**DIRECTIONS:**
As you restate the entries, keep every word intact and leave out whatever images they hold.

**INFORMATION PROVIDED:**
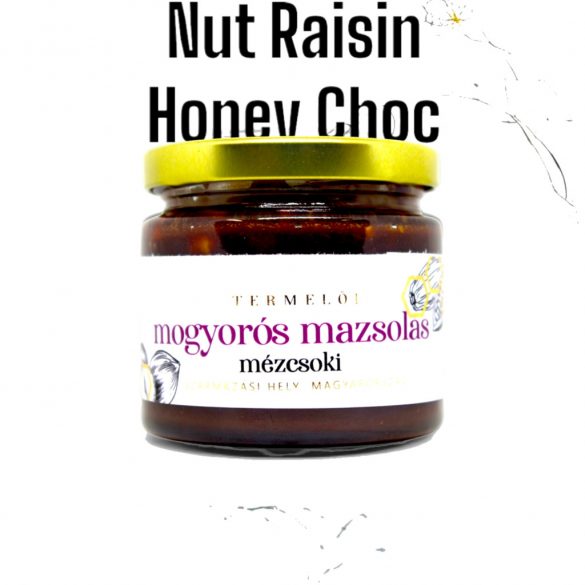 Hazelnut raisin honey chocolate 230g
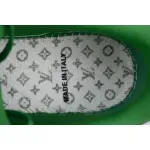 Louis Vuitton Trainer green gray diamond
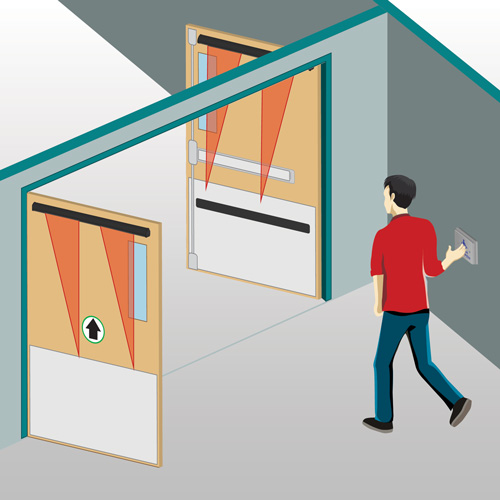 BEA SuperScan IV 10SSTIVCUSTOM Door Mounted Active Infrared Safety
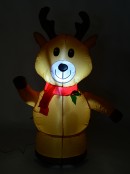 Standing Happy Reindeer Illuminated Christmas Inflatable Display - 1.2m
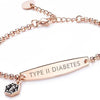 Lettering Stainless Steel Medical Bracelet Men'S And Women'S Personalized Diy Name Laser Lettering 18K Gold Bracelet Jewelry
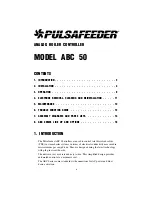 Preview for 3 page of Pulsafeeder ABC 50 Installation, Operation, &  Maintenance Instruction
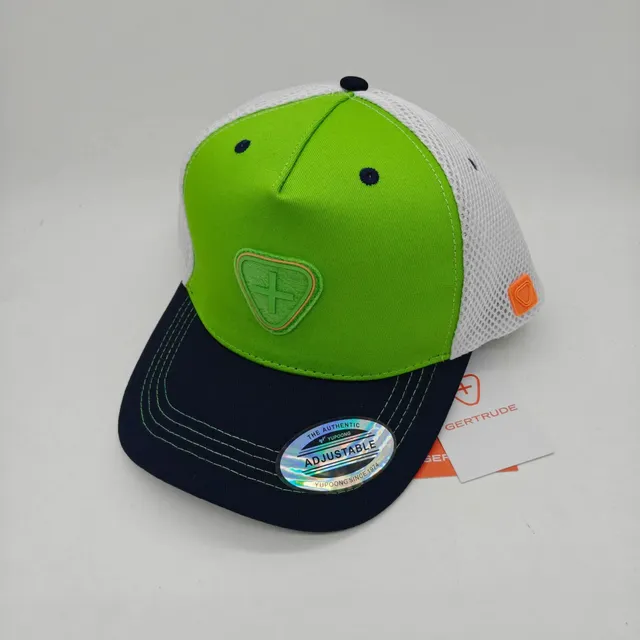 Gertrude Gaston Trucker Cap Shield Logo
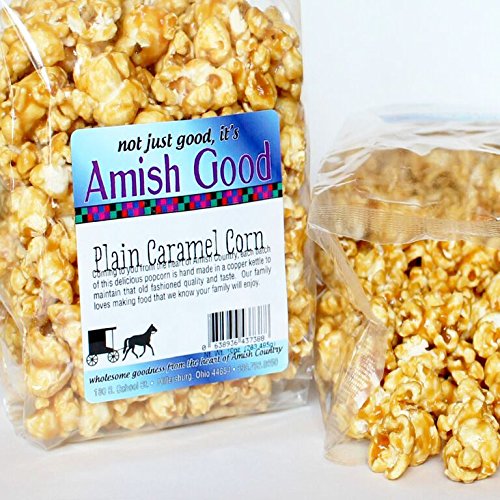 Product Cover Amish Good Premium Caramel Popcorn Real Butter and Coconut Oil in 10 Ounce Bag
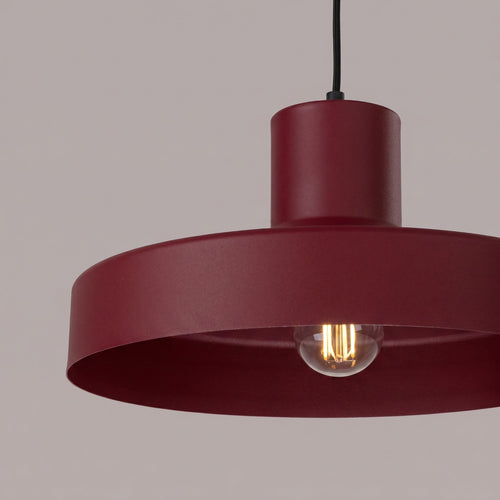 Sollux Lighting Hanglamp BILO bordeaux - 35x35x120cm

**YOUR RESPONSE:**
 Hazelnut raisin honey chocolate 230g
 Louis Vuitton Trainer green gray diamond
 BEA SuperScan IV 10SSTIVCUSTOM Door Mounted Active Infrared Safety
 Standing Happy Reindeer Illuminated Christmas Inflatable Display - 1.2m
 Lettering Stainless Steel Medical Bracelet Men'S And Women'S Personalized Diy Name Laser Lettering 18K Gold Bracelet Jewelry
 Preview for 3 page of Pulsafeeder ABC 50 Installation, Operation, &  Maintenance Instruction
 Gertrude Gaston Trucker Cap Shield Logo
 Product Cover Amish Good Premium Caramel Popcorn Real Butter and Coconut Oil in 10 Ounce Bag
 Sollux Lighting Hanglamp BILO bordeaux - 35x35x120cm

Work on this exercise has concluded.